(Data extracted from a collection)

......

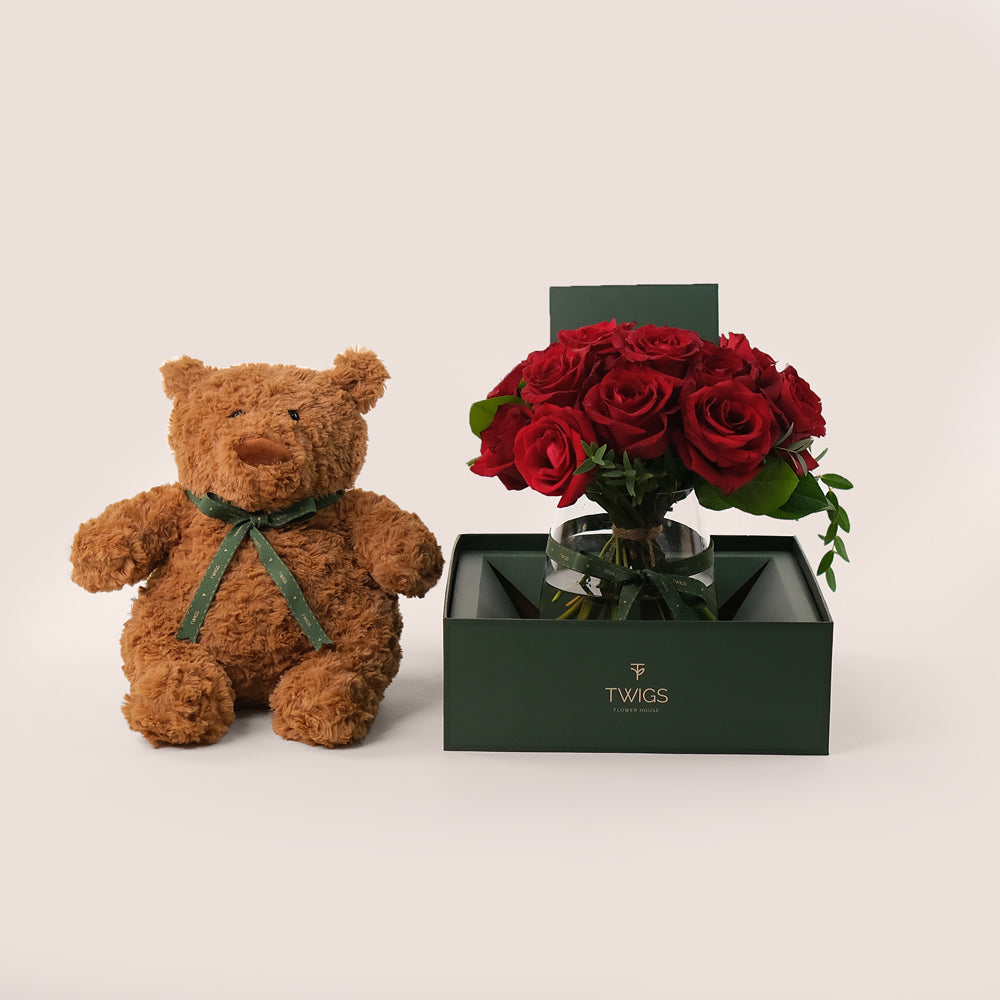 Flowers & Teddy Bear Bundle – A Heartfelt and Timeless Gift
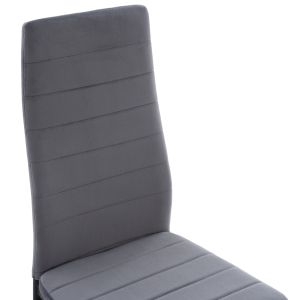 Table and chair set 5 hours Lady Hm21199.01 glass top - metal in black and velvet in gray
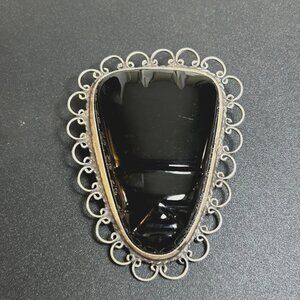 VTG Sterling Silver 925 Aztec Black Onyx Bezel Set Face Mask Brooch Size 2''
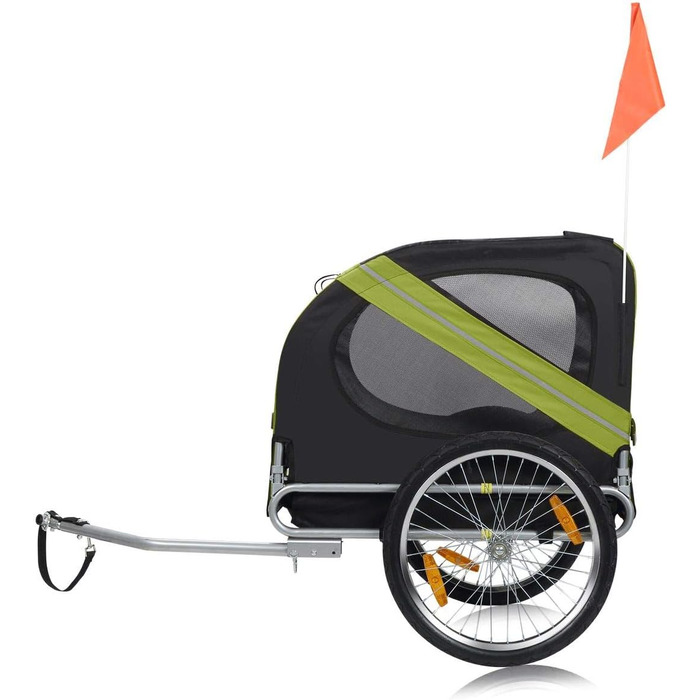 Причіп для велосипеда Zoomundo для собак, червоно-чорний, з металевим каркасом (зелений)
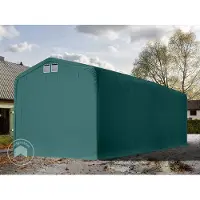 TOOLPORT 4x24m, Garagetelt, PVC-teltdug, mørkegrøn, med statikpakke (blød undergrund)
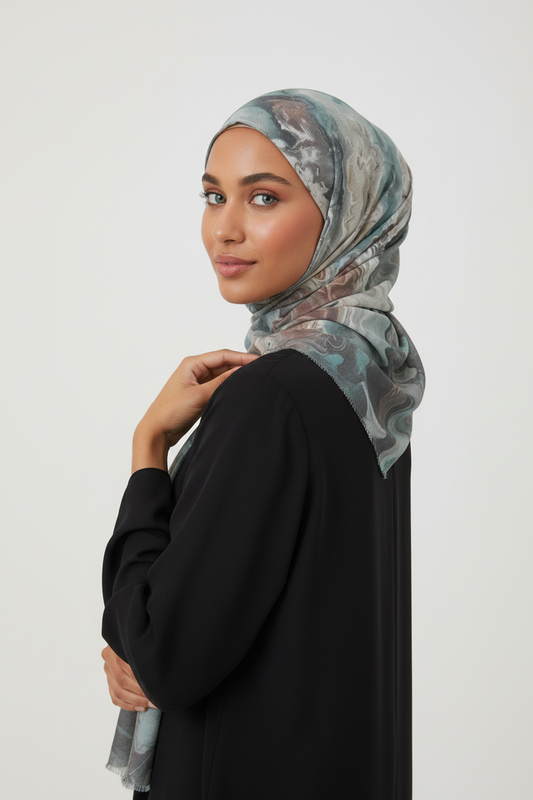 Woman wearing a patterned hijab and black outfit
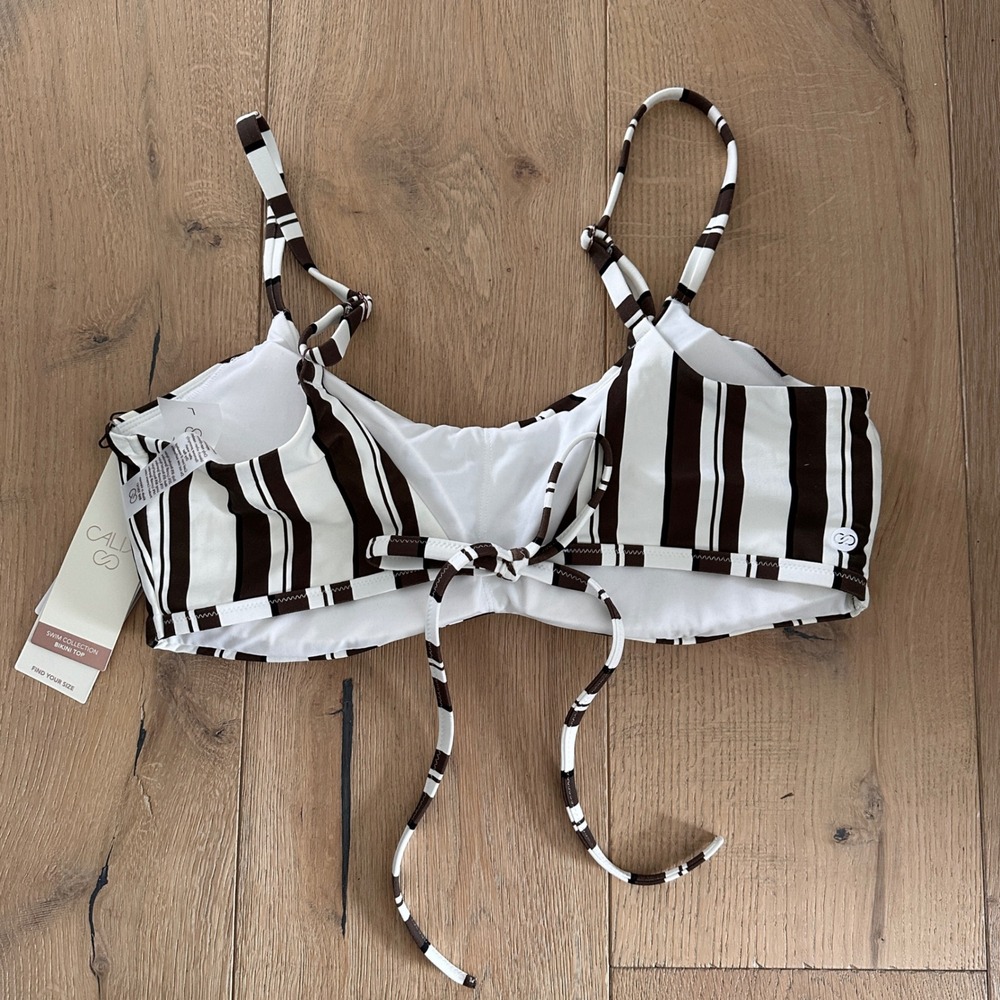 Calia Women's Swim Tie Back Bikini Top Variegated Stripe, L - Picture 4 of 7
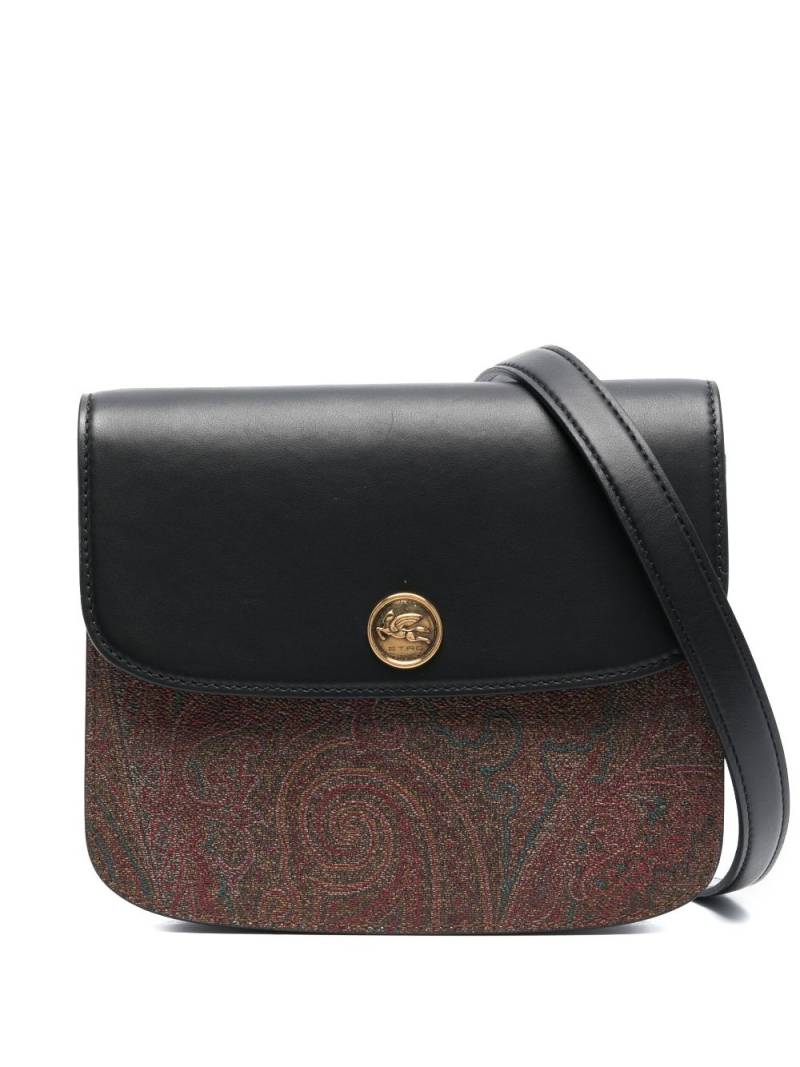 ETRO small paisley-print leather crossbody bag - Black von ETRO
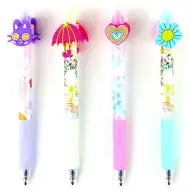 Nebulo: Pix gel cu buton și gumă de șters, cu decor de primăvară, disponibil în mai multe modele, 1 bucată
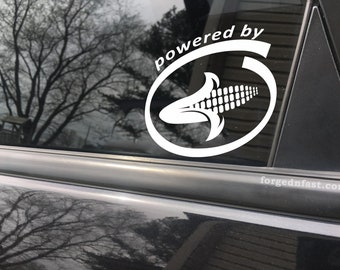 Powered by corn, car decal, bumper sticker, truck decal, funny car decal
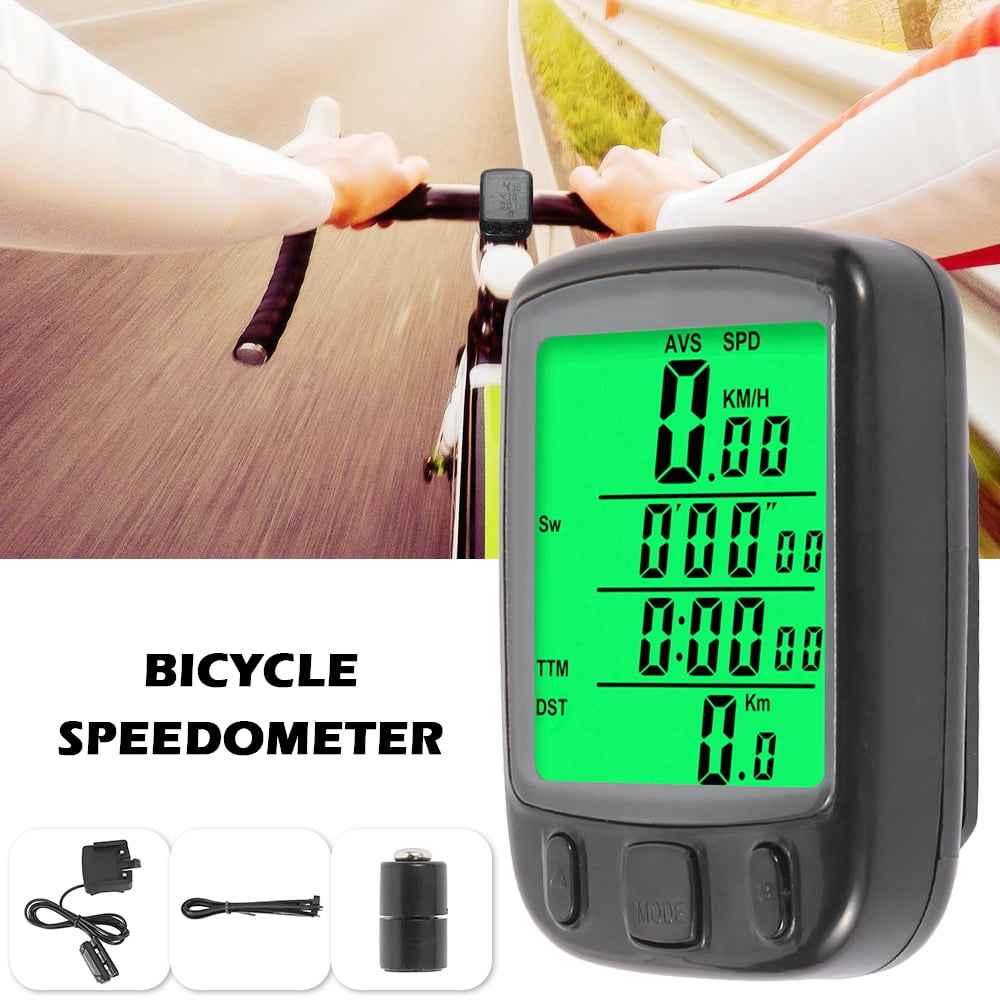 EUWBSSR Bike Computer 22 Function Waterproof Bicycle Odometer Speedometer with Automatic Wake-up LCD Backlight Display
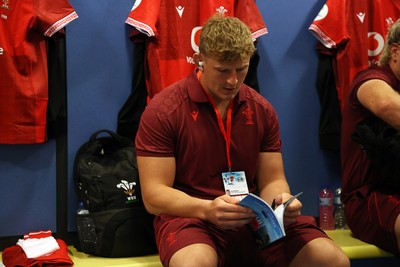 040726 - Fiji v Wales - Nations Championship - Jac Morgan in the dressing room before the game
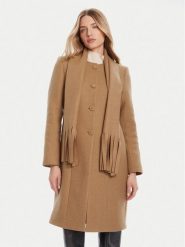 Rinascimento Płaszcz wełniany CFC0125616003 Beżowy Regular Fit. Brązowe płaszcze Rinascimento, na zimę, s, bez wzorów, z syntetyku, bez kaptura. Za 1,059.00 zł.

......

TO DO
Reproduce the records above exactly, but only from the line with "Table and chair" up to and including the line with "040726 - Fiji". Leave the pictures out.

TASK RESPONSE
 Table and chair set 5 hours Lady Hm21199.01 glass top - metal in black and velvet in gray
 VTG Sterling Silver 925 Aztec Black Onyx Bezel Set Face Mask Brooch Size 2''
 Причіп для велосипеда Zoomundo для собак, червоно-чорний, з металевим каркасом (зелений)
 TOOLPORT 4x24m, Garagetelt, PVC-teltdug, mørkegrøn, med statikpakke (blød undergrund)
 Woman wearing a patterned hijab and black outfit
 Calia Women's Swim Tie Back Bikini Top Variegated Stripe, L - Picture 4 of 7
 ETRO small paisley-print leather crossbody bag - Black von ETRO
 Nebulo: Pix gel cu buton și gumă de șters, cu decor de primăvară, disponibil în mai multe modele, 1 bucată
 Powered by corn, car decal, bumper sticker, truck decal, funny car decal
 EUWBSSR Bike Computer 22 Function Waterproof Bicycle Odometer Speedometer with Automatic Wake-up LCD Backlight Display
 040726 - Fiji v Wales - Nations Championship - Jac Morgan in the dressing room before the game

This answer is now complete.